Updated: Nov 12, 2018


© Independent

Hossein Amini is an Oscar-nominated screenwriter and film director. Best known for his adaptations, Amini has been nominated for multiple awards for films such as The Wings of the Dove (1997), Drive (2011) and The Two Faces of January (2014), which was also his directional debut. This year, he had huge success with the BBC crime drama television series McMafia and the period drama The Alienist.


Have you always wanted to go into screen writing or film?

I started off writing plays, but it was always with a view to learn different crafts that feed in to screen writing. I was interested in directing and writing at the same time. I think you can combine theatre and film more and more now. Multiple disciplines are merging into each other, playwrights can also be screenwriters and vice versa - it didn’t used to be like that.


Do you remember what your first play was?
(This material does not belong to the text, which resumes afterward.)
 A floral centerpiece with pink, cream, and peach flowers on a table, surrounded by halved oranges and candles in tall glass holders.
What it was about?

It was very pretentious - it was about Baudelaire, and it was at the Kings Head Theatre. It was really exciting, and it was great to have a play on in London while I was at university. We got some nice reviews, and that was it! It didn’t launch my career or anything, but it just gave me the confidence to know that the first thing I’d done had been fairly well received.
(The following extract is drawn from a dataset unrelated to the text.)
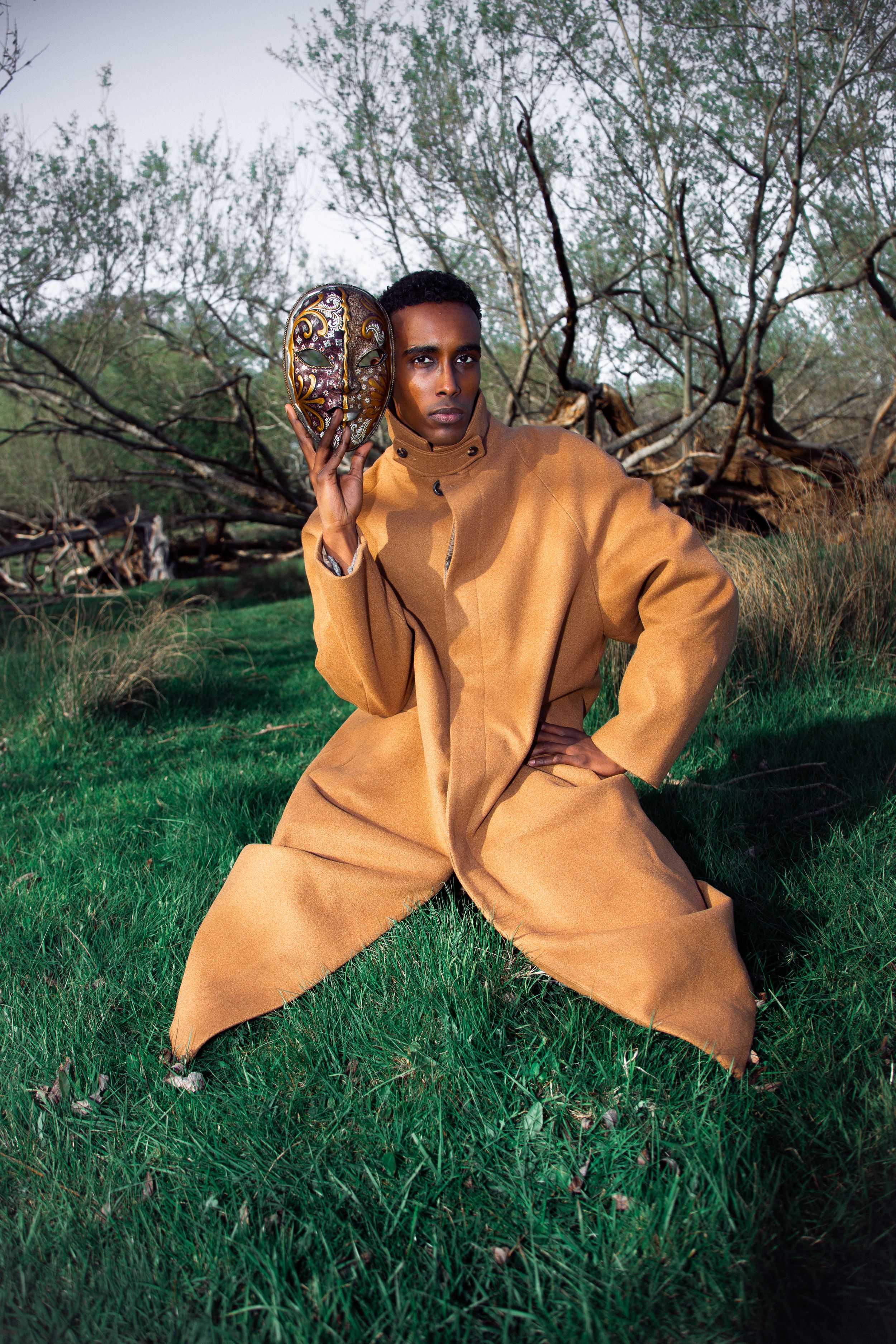 Man in tan outfit poses on grass holding decorative mask near trees.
Do you think going to Oxford University gave you particular opportunities in the way of writing?

There was a lot of theatre. They had a system where each college would put on plays and finance them for students. If you wanted to direct or write something you would have to ask for money for a production, so there were productions on all the time. That was where I first adapted and directed a few things. I remember adapting Othello, I condensed it to have just three characters: Othello, Iago and Desdemona. So there were lots of opportunities to do many different things, and I really learnt a lot.


When you’re adapting books and plays, do you have a particular structure or system that you follow?

With pretty much all of the adaptations I’ve done, I’ve tried to base them around my memory of the book. There’s something special about that first experience of reading a book; a certain emotional reaction when finishing a book that you love. You feel like no one else has ever felt the exact same thing you felt, and that individual experience is truly special. I think that’s what the goal of an adaptation is for me: to try and capture the essence of those unique emotions you feel when reading a book for the first time, and the impact it had on you. Ultimately the adaptation process takes so long that you lose that essence over time, but I think the best adaptations are made when you are able to keep whatever it was that excited you about the book in the screenwriting.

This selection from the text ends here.